The total amount of land planted in crops worldwide continued to rise in recent years because population was growing and the world’s people were improving their diet, i.e. eating more in general and eating more meat. But these trends are slowing too.
Population growth is much slower than it was a generation ago and is expected to slow and maybe even reverse within the lifetime of people already alive today. As for eating more, people’s appetite for more and better food goes up, but then also stabilizes. Although we all know some people who are pushing the limits, eventually there is only so much a person can eat.
We can expect agricultural yields to continue to improve, especially if we can get beyond the troglodyte fear of GMOs. Even w/o this source of improvement, there are lots of things that can be done. I read recently about a lettuce bot that can efficiently weed, thin and pick lettuce. This will improve cultivation techniques, while dispensing with the need for backbreaking labor current applied in the fields.
We can already see the results of more efficient agriculture, although it is so much around us and happened so slowly that we might not notice. In the last century, forests in the Eastern U.S. and Western Europe have returned as cropland no longer needed was recolonized by forests. There is more forest canopy in the Eastern U.S. then there was in 1812. With that has come wildlife. Deer, turkeys and even squirrels were almost extinct in some states a century ago. Today they are common enough to be pests in lots of places. ears are back on our tree farms. Before about ten years ago, they had been absent for a hundred years. I am not sure I am completely happy about their return, BTW. (I prefer not to share my land with dangerous animals. I don’t really think that they would be more afraid of me than I would be of them.) But return they have.
Anyway, the smaller footprint on the land will give us the luxury of small scale organic farming for the upscale markets as well as the capacity to conserve natural areas and better protect soil and water resources. We really need to update our conception. For my entire life we have talked about fragile nature.
It has been a narrative of sad loss. According to this paradigm, each year there was less: less clean water, fewer animals and trees etc. I recall “ecological clocks” ticking inexorably toward a bleak dystopia like those portrayed in movies like “Soylent Green” or “Blade Runner.” But we have turned a corner w/o perceiving it. And we did it by going forward, not backward. Today we have more and better options than we did in 1970, when I first started to worry about these things. It has turned about much better than I thought it would.

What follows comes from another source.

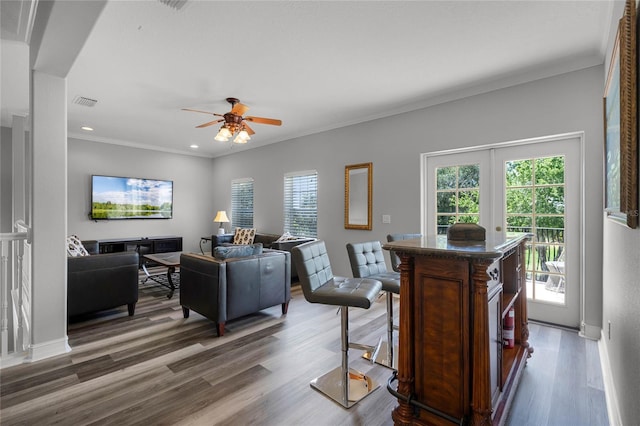 living room with crown molding, dark wood-type flooring, french doors, and ceiling fan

In the new paradigm, we need to restore humans in nature. IMO, in the old paradigm there is too much separation. We want to protect nature FROM humans. This follows naturally if you believe in the idea that we are merely trying to slow the inevitable loss. In the renewable and renewed world we live in today, I think it is important for people to understand their integration. I like the idea of community farms, not because I think locovores are more ecologically beneficial (I don’t) but rather because it helps people understand where food comes from.

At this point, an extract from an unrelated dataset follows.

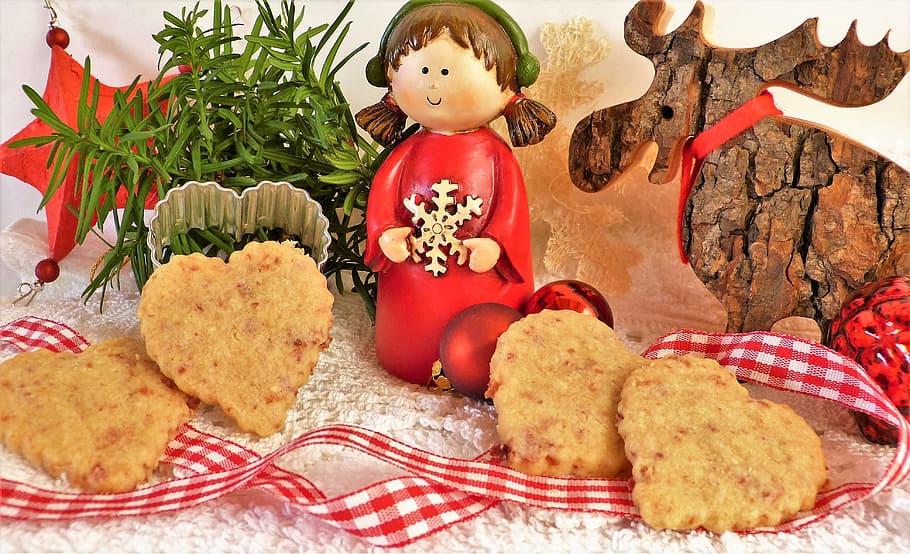 girl and moose figure beside brown cookies, advent, cookie cutter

I also think we need to encourage a new generation of hunters. Hunting is dying out, as the older generation of hunters literally dies out. It would be a good thing if at least some of our calories came from wild game now expanding numbers into our neighborhoods. No matter what, the mind-sets and adaptions of the past fifty years will be increasingly out of date in the next.
Another addition – return of wolves to the Eastern forests.